Required work> From the line containing "19 Brooker Drive, Hillbank SA 5112" down to the line containing "C.A.T.T. Community Project", copy out the entries below exactly, both lines included, and nothing else; pictures do not belong in the copy.
Start of Records supplied
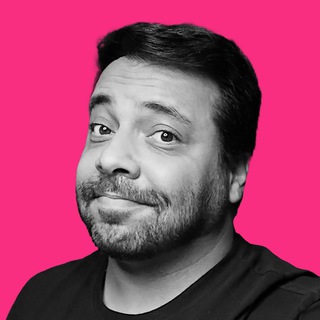 Telegram profile photo for Mkt Para Escolas 🎯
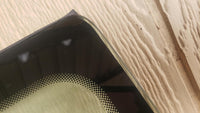 FW4697 GTY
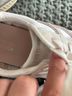 Tretorn Hailey Sneakers - photo 7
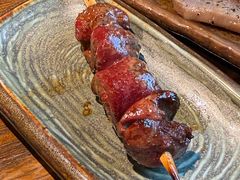 -鸟屯(三里屯店)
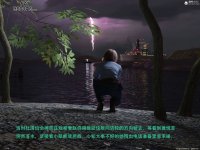 translated-7 (160).jpg
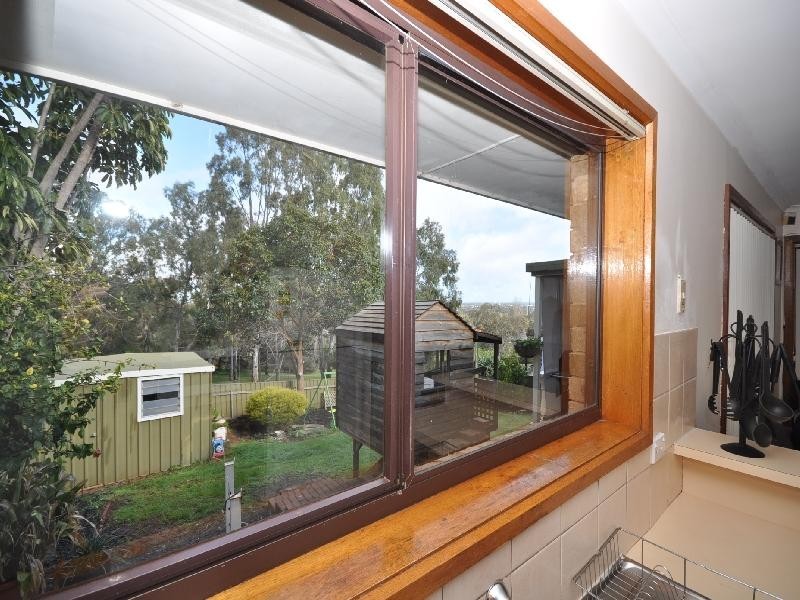 19 Brooker Drive, Hillbank SA 5112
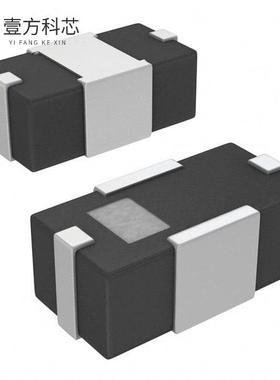 原厂原装DEA205425BT-2028A4 RF FILTER BANDPASS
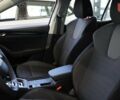 купить новое авто Шкода Октавия 2025 года от официального дилера Моторкрафт Шкода фото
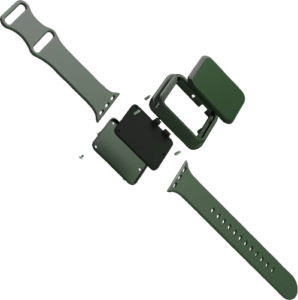 diseño de productos en madrid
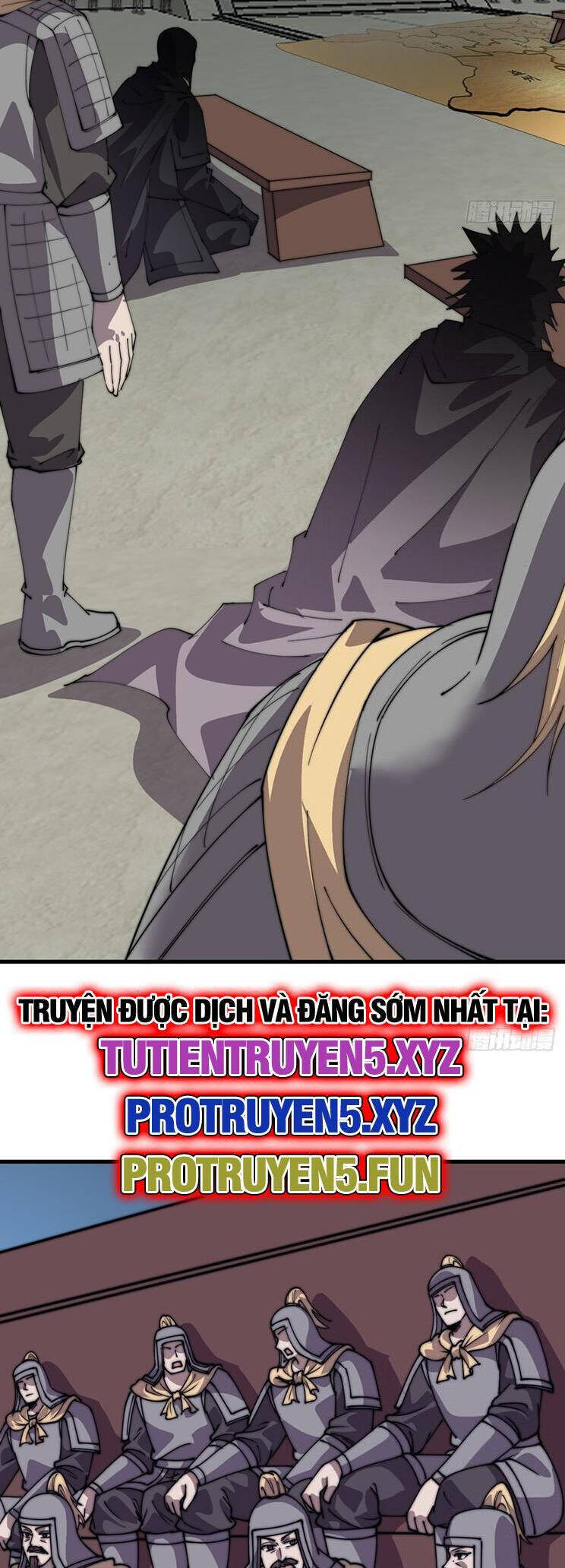Chương 897 - trang 23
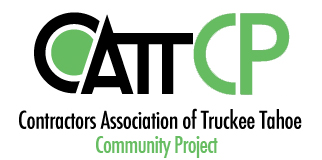 C.A.T.T. Community Project 3rd Annual Coed Softball Tournament Fundraiser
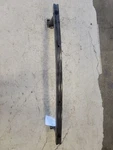2020-2025 Toyota Corolla Sedan Front Lower Bumper Reinforcement 52132-02050. Fixed Price $142.50.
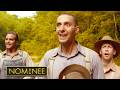 The Ultimate Musical Moments Songs O Brother Where Art Thou 2000 Nominee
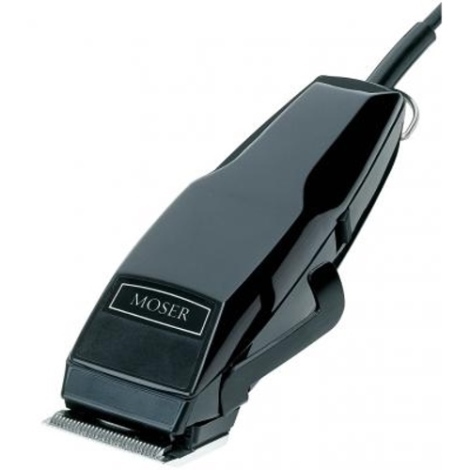 Ремонт MOSER 1170 FOX OpalPro в Сервисном Центре MOSER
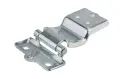 Долна дясна панта за багажник, Citroen Jumper Fiat Ducato Peugeot Boxer, снимка 1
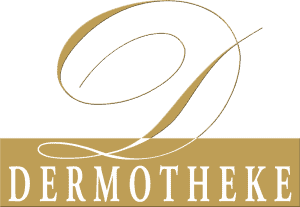Logo Dermotheke
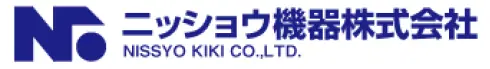 ニッショウ機器株式会社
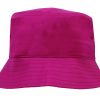 Kids Bucket Hat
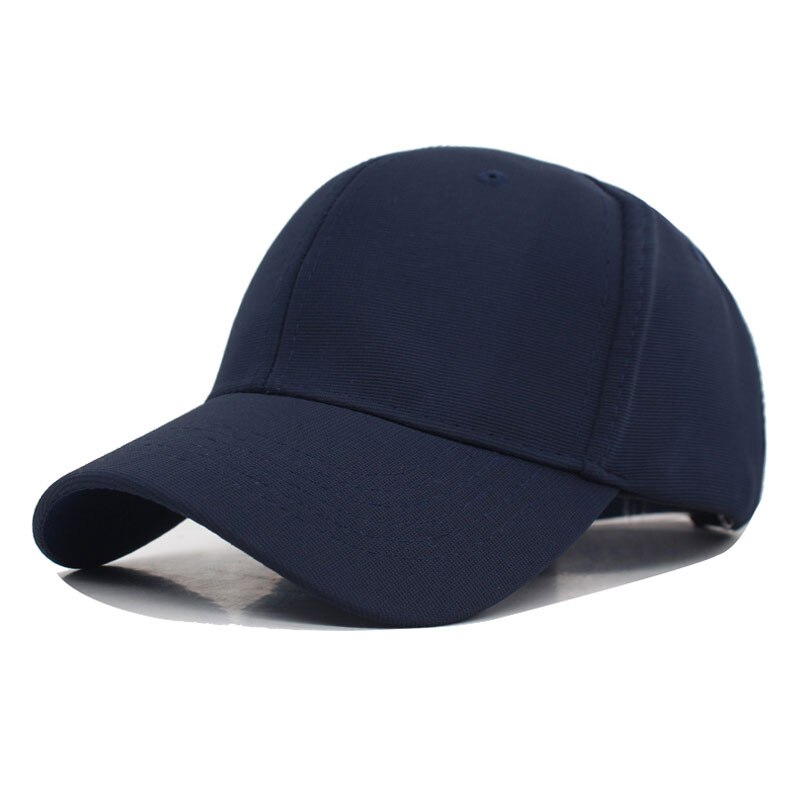 Casquette de Baseball pour Homme et Femme, à Rabat, Chapeau de , Accessoire pour Sportif et Camionneur, Collection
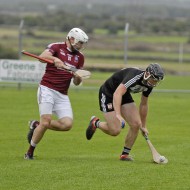 2018-SHL-SemiFinal-Draw-25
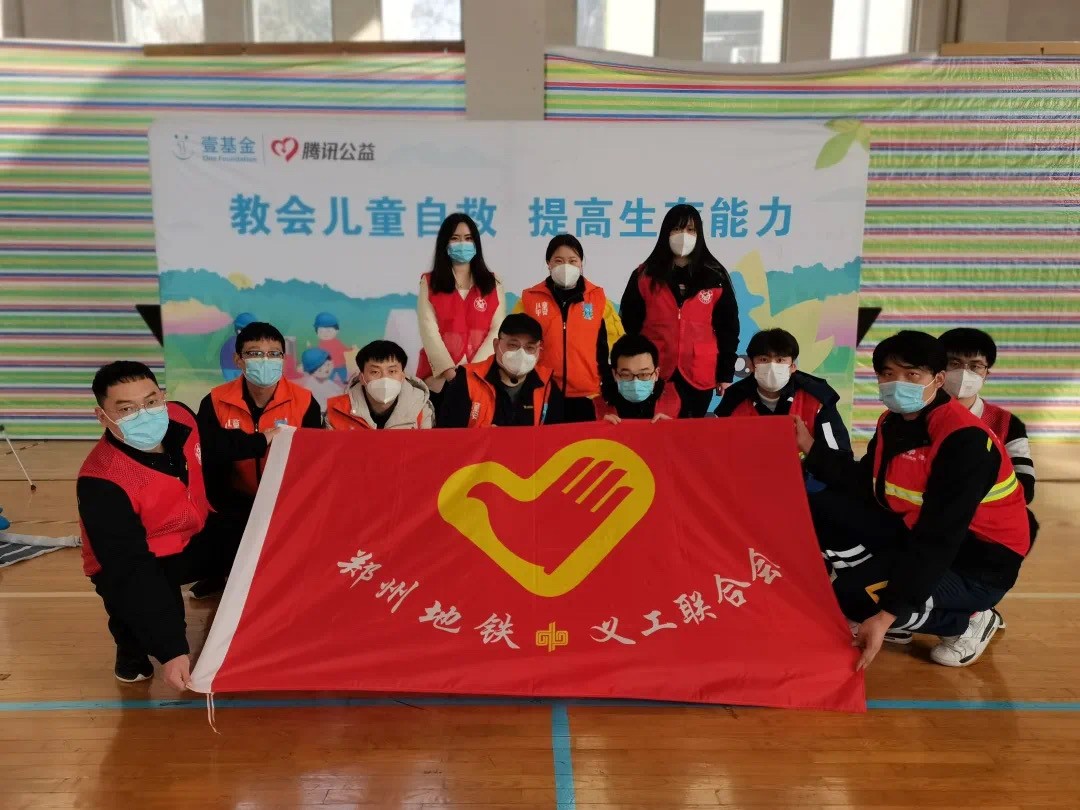圖6.jpg 圖6.jpg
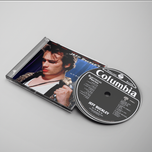 آلبوم Grace از Jeff Buckley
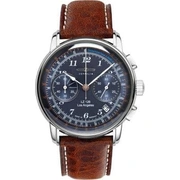 zeppelin 259329uniw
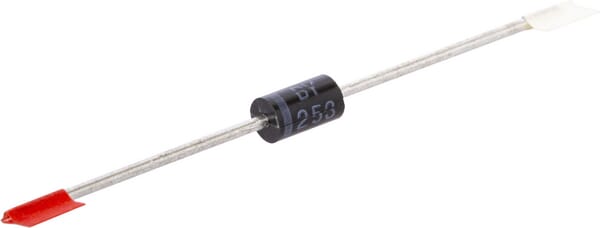 BPA000017436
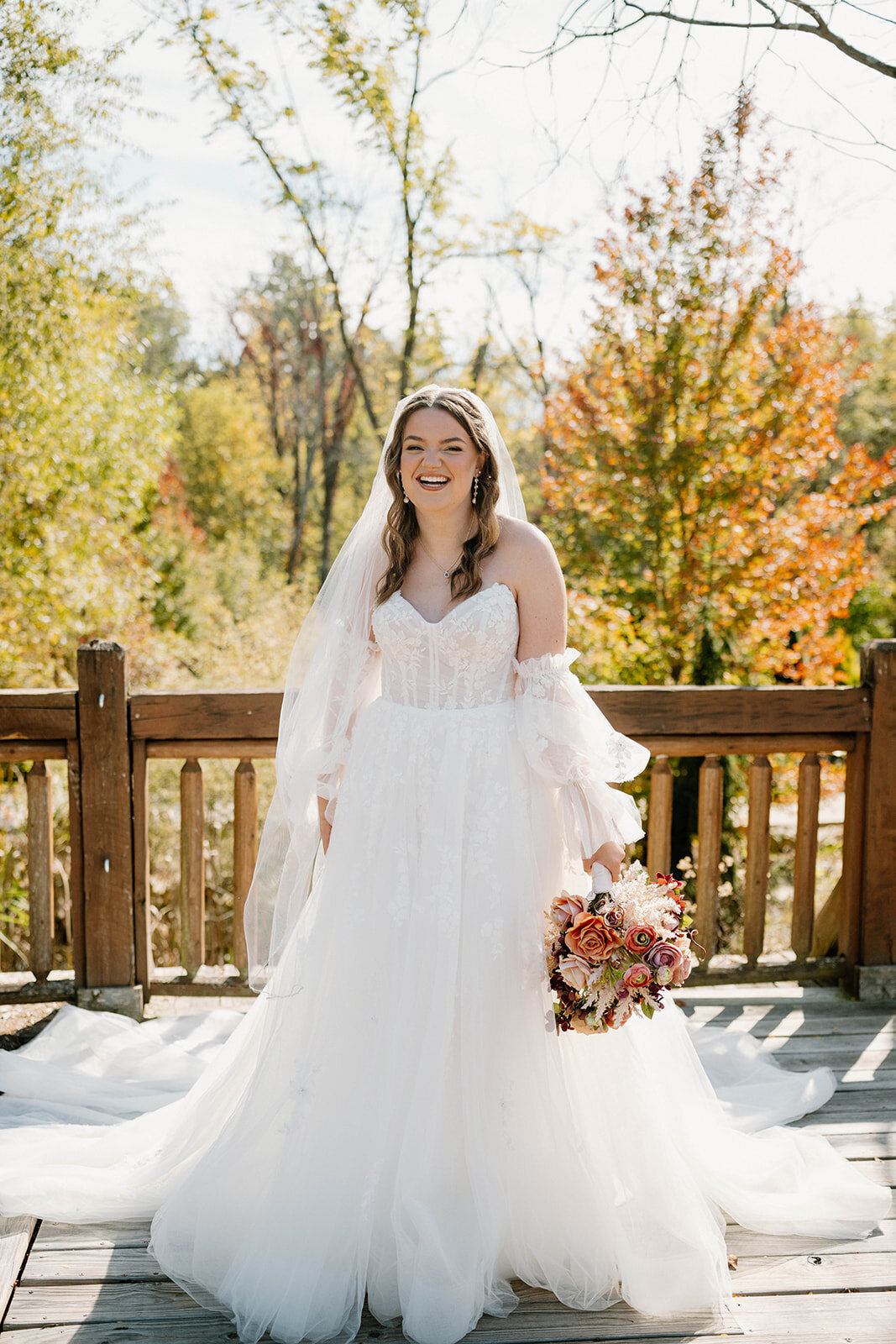 curiouscourtneysphotography310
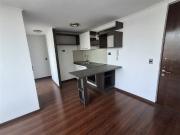 Departamento en Venta en Av. Independencia / Metro Plaza...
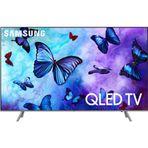 Samsung 55Q6FN 55 inch Ultra HD 4K Smart OLED TV 139 ekran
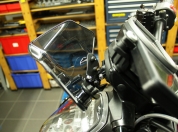 KTM Superduke verkleidungsscheibe windscreen 690 68.jpg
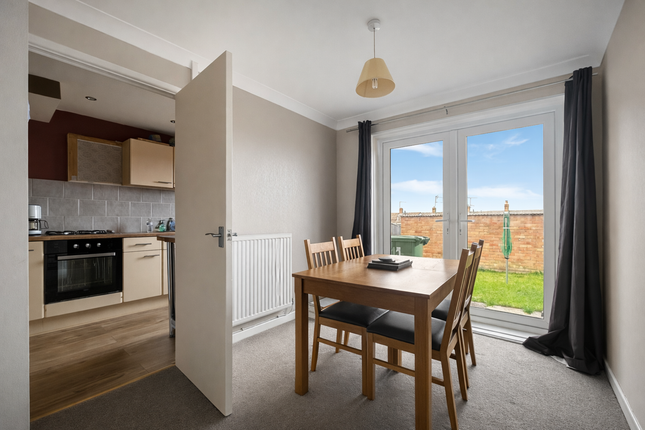 115, Windrush Highworth, Highworth photo 2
End of Records supplied
Result for this task>
 19 Brooker Drive, Hillbank SA 5112
 原厂原装DEA205425BT-2028A4 RF FILTER BANDPASS
 купить новое авто Шкода Октавия 2025 года от официального дилера Моторкрафт Шкода фото
 diseño de productos en madrid
Chương 897 - trang 23
 C.A.T.T. Community Project 3rd Annual Coed Softball Tournament Fundraiser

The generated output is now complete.